--- Raw data ---

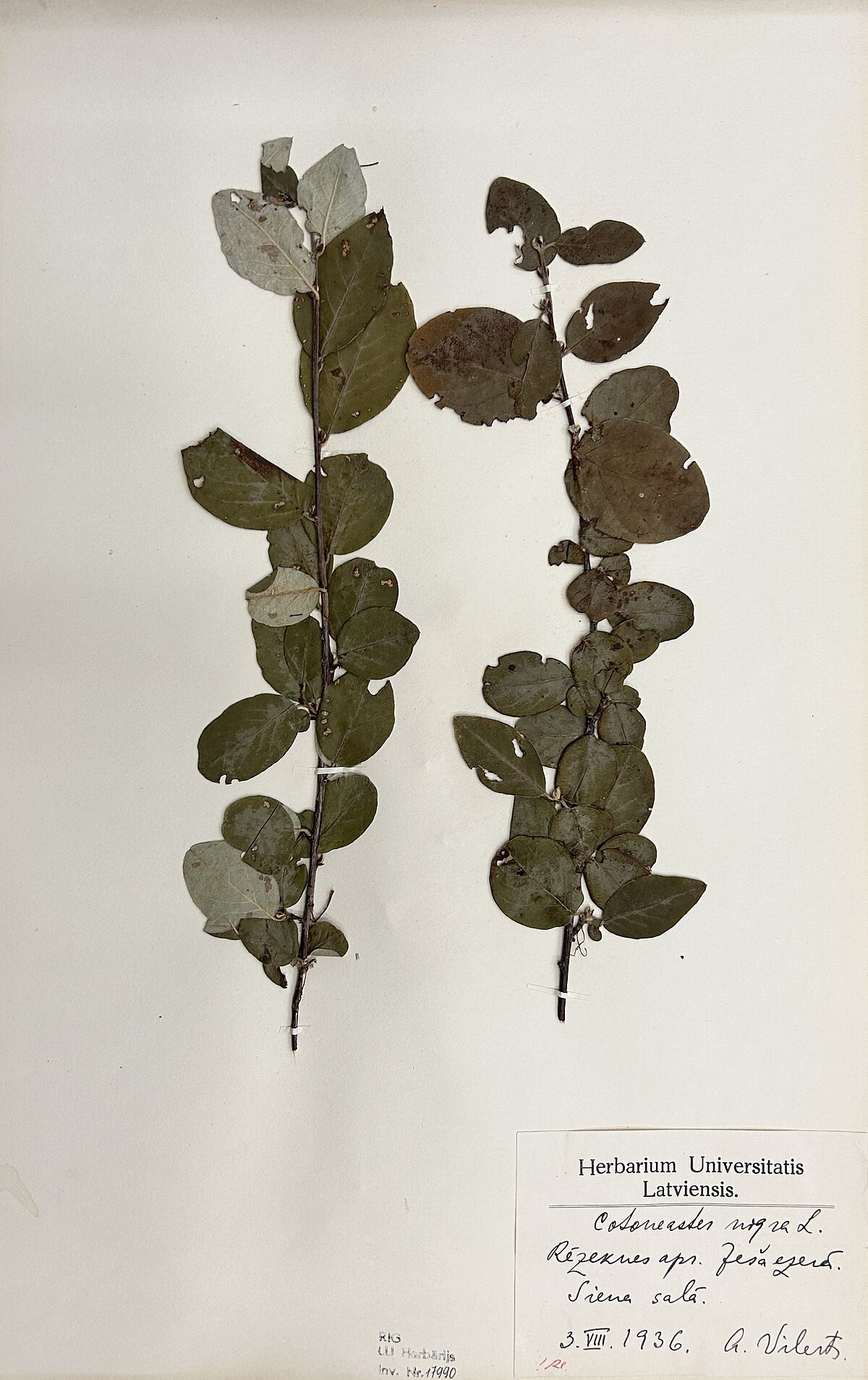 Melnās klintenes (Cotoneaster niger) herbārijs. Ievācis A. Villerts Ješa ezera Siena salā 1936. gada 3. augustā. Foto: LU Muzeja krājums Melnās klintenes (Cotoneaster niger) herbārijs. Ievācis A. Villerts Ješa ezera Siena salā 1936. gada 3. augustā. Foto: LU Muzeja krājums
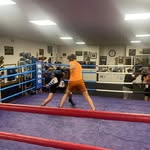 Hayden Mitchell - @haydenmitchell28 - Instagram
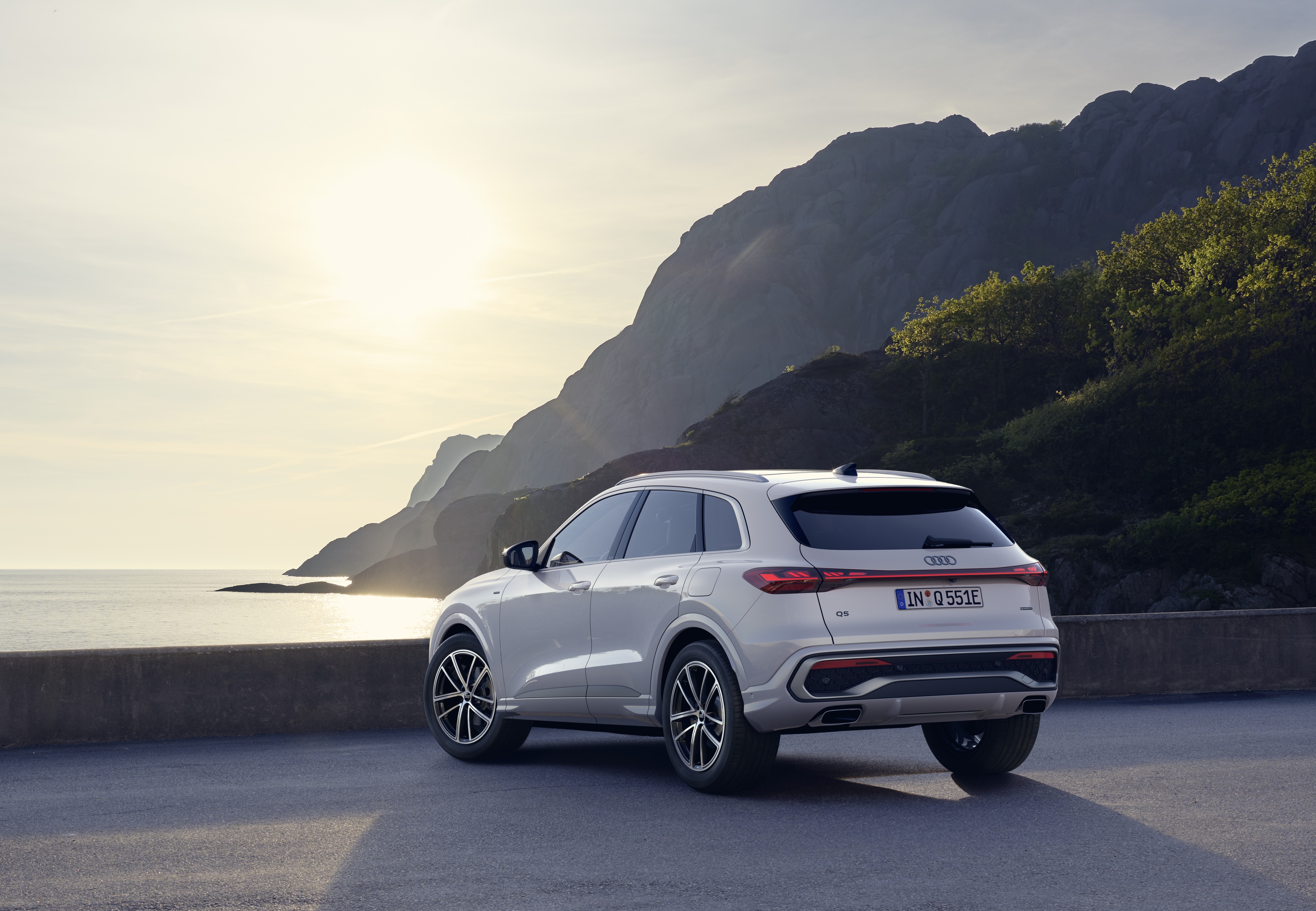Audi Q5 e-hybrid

---

Only the pictures in the listing above get left out; print everything else exactly.

 Melnās klintenes (Cotoneaster niger) herbārijs. Ievācis A. Villerts Ješa ezera Siena salā 1936. gada 3. augustā. Foto: LU Muzeja krājums Melnās klintenes (Cotoneaster niger) herbārijs. Ievācis A. Villerts Ješa ezera Siena salā 1936. gada 3. augustā. Foto: LU Muzeja krājums
 Hayden Mitchell - @haydenmitchell28 - Instagram
Audi Q5 e-hybrid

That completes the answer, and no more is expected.